### What needs to be done
In the entries that follow, find the line containing "Storage Bottles 10" and the line containing "Benjamin Walk Lilibet", then retype exactly the lines from the first through the second, pictures excluded.

### Stored data
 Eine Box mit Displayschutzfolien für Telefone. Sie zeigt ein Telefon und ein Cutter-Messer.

* * *

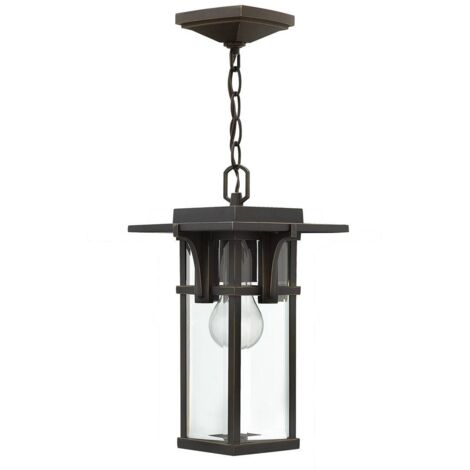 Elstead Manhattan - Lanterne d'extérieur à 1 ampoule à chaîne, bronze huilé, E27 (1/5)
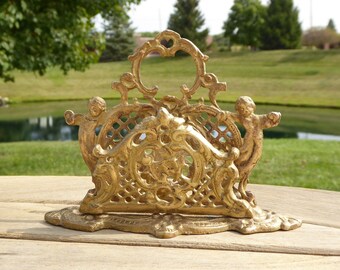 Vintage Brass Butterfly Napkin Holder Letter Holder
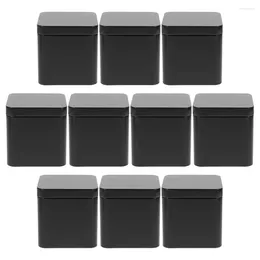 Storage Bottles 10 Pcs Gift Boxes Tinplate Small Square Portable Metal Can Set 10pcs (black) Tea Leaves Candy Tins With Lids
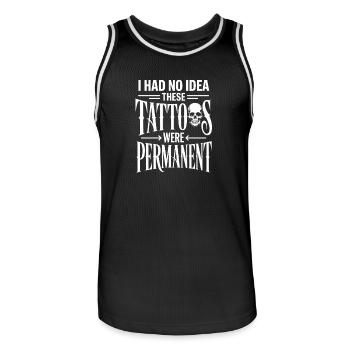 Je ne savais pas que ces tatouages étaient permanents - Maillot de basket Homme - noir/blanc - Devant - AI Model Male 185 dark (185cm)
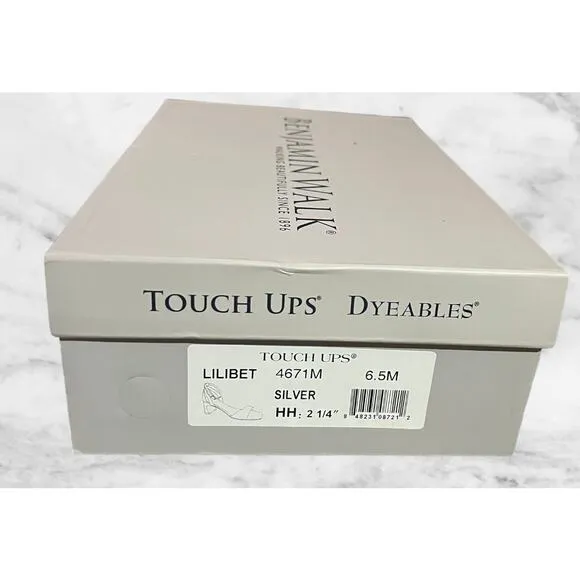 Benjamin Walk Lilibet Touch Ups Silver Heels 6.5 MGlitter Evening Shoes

...

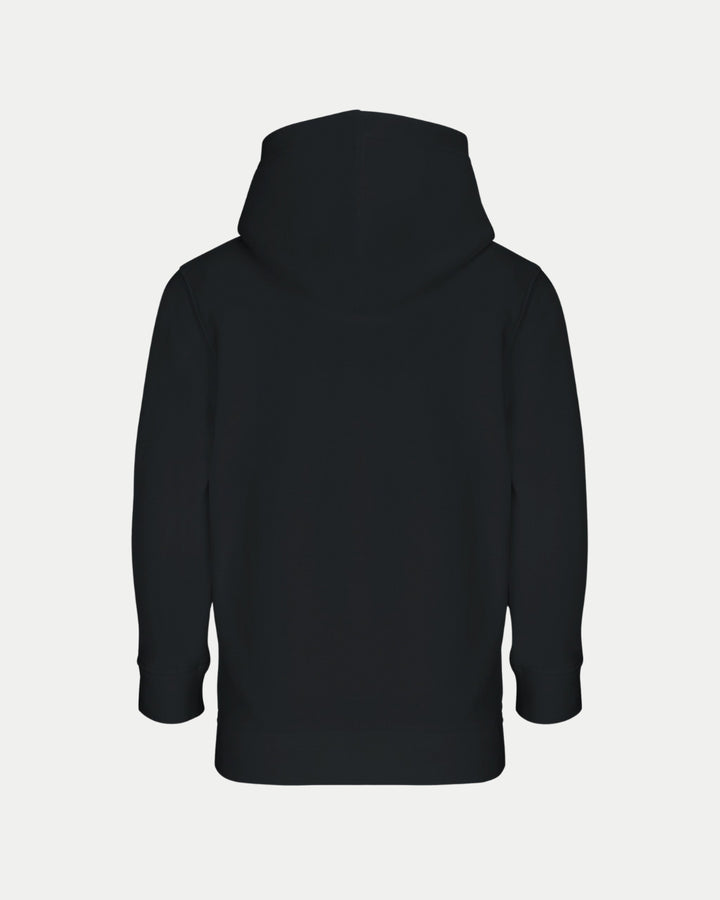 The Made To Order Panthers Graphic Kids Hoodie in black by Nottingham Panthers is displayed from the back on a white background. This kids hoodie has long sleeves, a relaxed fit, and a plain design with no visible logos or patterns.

### Answer space
 Storage Bottles 10 Pcs Gift Boxes Tinplate Small Square Portable Metal Can Set 10pcs (black) Tea Leaves Candy Tins With Lids
 Je ne savais pas que ces tatouages étaient permanents - Maillot de basket Homme - noir/blanc - Devant - AI Model Male 185 dark (185cm)
 Benjamin Walk Lilibet Touch Ups Silver Heels 6.5 MGlitter Evening Shoes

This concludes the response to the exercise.